Further, according to the present invention, the input/output pulley is provided with a Since the belt clamping force is provided with a clamping force generating means that generates the clamping force of the belt according to the transmission torque of the V-belt, the clamping force of the V-belt can be precisely controlled according to the transmission torque. This improves the durability of the V-belt and further improves the torque transmission efficiency.

Furthermore, according to the present invention, a support member that supports the motion converting means is provided in the squeezing force generating means, and a thrust bearing is provided between the motion converting means and the support member, so that the It becomes possible to reduce the frictional force generated between the motion conversion means and the support member.
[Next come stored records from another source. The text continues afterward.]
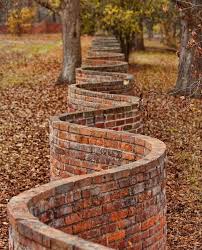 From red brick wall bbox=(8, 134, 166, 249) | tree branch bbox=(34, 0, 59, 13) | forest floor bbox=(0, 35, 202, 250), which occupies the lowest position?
forest floor bbox=(0, 35, 202, 250)

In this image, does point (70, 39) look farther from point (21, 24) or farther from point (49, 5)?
point (21, 24)

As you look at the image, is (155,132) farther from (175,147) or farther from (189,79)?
(189,79)

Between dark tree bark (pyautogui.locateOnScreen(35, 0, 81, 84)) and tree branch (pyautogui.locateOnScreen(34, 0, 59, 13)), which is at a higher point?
tree branch (pyautogui.locateOnScreen(34, 0, 59, 13))

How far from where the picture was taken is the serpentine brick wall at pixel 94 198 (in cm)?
393

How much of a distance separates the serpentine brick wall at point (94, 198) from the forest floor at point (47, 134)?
185cm

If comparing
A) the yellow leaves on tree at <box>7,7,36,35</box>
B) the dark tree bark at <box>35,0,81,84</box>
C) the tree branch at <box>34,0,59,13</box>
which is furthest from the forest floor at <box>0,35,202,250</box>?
the yellow leaves on tree at <box>7,7,36,35</box>

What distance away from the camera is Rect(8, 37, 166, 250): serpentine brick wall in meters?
3.93

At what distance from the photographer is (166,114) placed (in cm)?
1553

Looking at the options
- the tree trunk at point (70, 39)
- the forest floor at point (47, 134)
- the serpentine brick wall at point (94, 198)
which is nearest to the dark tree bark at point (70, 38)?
the tree trunk at point (70, 39)

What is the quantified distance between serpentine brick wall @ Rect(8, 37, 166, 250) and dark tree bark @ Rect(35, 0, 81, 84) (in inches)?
487

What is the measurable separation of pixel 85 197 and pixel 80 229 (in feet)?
0.86

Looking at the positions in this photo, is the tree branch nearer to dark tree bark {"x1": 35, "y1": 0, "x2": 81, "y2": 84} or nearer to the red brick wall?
dark tree bark {"x1": 35, "y1": 0, "x2": 81, "y2": 84}

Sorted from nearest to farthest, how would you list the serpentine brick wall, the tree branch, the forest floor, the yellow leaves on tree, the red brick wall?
the serpentine brick wall, the red brick wall, the forest floor, the tree branch, the yellow leaves on tree

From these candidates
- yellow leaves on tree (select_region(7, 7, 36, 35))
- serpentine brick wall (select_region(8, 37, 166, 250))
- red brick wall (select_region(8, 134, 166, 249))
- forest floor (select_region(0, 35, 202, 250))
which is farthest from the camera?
yellow leaves on tree (select_region(7, 7, 36, 35)) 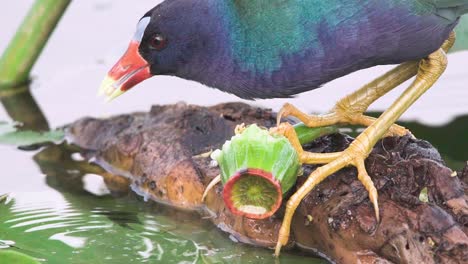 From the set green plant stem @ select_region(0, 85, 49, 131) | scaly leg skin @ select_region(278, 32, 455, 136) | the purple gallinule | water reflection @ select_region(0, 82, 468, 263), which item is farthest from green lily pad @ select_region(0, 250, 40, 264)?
green plant stem @ select_region(0, 85, 49, 131)

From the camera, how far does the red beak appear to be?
4055 mm

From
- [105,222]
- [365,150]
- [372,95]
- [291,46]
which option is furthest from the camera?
[372,95]

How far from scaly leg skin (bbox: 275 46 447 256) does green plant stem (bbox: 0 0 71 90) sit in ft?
6.13

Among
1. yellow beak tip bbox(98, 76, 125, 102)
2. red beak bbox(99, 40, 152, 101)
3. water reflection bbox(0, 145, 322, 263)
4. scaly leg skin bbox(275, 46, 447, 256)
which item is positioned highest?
red beak bbox(99, 40, 152, 101)

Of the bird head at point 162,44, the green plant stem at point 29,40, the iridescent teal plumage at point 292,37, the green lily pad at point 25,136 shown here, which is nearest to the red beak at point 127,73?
the bird head at point 162,44

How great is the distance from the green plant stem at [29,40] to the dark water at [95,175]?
0.62 ft

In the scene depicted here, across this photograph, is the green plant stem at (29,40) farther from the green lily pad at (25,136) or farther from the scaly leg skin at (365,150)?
the scaly leg skin at (365,150)

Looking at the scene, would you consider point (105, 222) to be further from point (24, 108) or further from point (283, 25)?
point (24, 108)

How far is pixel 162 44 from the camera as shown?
3992 millimetres

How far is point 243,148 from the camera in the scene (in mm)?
3619

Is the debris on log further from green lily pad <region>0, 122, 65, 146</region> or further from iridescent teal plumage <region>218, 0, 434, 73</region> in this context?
iridescent teal plumage <region>218, 0, 434, 73</region>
Therefore, the transmission torque applied to the V-belt can be transmitted to the support member of the clamping force generating means without suffering almost any torque loss due to the friction.
Thereby, the clamping force generating means can more reliably generate the clamping force of the V-belt in accordance with the transmission torque.

Further, according to the present invention, since the above-mentioned motion conversion means and the above-mentioned clamping force generation means are provided, there is no need to use a hydraulic servo for speed change and belt clamping force as in the past. This eliminates the need for complicated oil passages. Therefore, the structure becomes extremely simple.

[Example] Hereinafter, an example of the present invention will be described using the drawings.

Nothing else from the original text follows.